First of all, in historical fiction, I make some very deliberate decisions about which pieces of history I include. I purposely leave some pieces or details of the real story out for a few reasons.
First, I have a little more liberty to do what I need with my characters in order to most optimally share the pieces of the Gospel my story highlights. Second, I want my readers to be able to sit in the time period I'm describing and experience the world for a bit. As a reader, I try to assimilate all the details provided by the author, and honestly, I sometimes get lost in the nitty gritty of historical fiction. I try to give enough detail to transport the reader to the era, but not get totally lost in language or drown in details that don't have to be there and actually interrupt the flow of the story.
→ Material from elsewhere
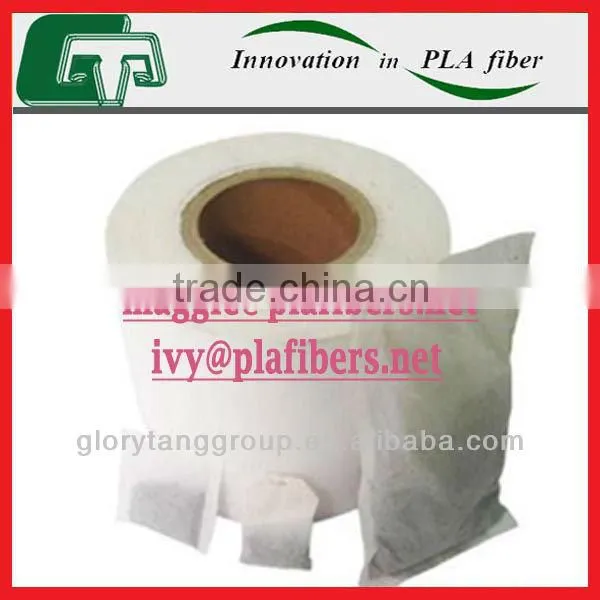 Pla Short Cut Fiber Made of Fuel Filter Paper, Biodegradable Fuel Filter Paper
Third, I never want a reader to so closely identify with a story that they say, "I wonder if that was my great grandpa...". For example, for my latest novel "From Across the Sea", I purposely excluded the details of my main character's bombing group and squadron during WWII. I didn't want to be stuck with only one bomb group's experiences because I wanted my readers to see what happened across the board to highlight the courage of all the men in the Eighth Air Force.
Another choice I've made as an author is to always write fictional people. I purposely choose names that I believe (to the best of my knowledge) were not real people doing the activities I describe during the time periods I'm writing in because I don't want to accidentally ascribe words or behaviors to a real person who lived and perhaps dishonor their memory. It gets tricky at times, but I always try to opt for making up names and placing fictional characters into real historical situations so that I can have the freedom to have them interact with history in a way that serves my purpose to share the grace of God.
Just thought you'd like to see some insight into my choices as an author, especially for historical fiction! My dystopian novel, "Defiant", was super easy to make choices for... I simply imagined a world torn apart by an imaginary war and described it and allowed my characters to fight for their lives and their faith! Much easier than hours upon hours of research!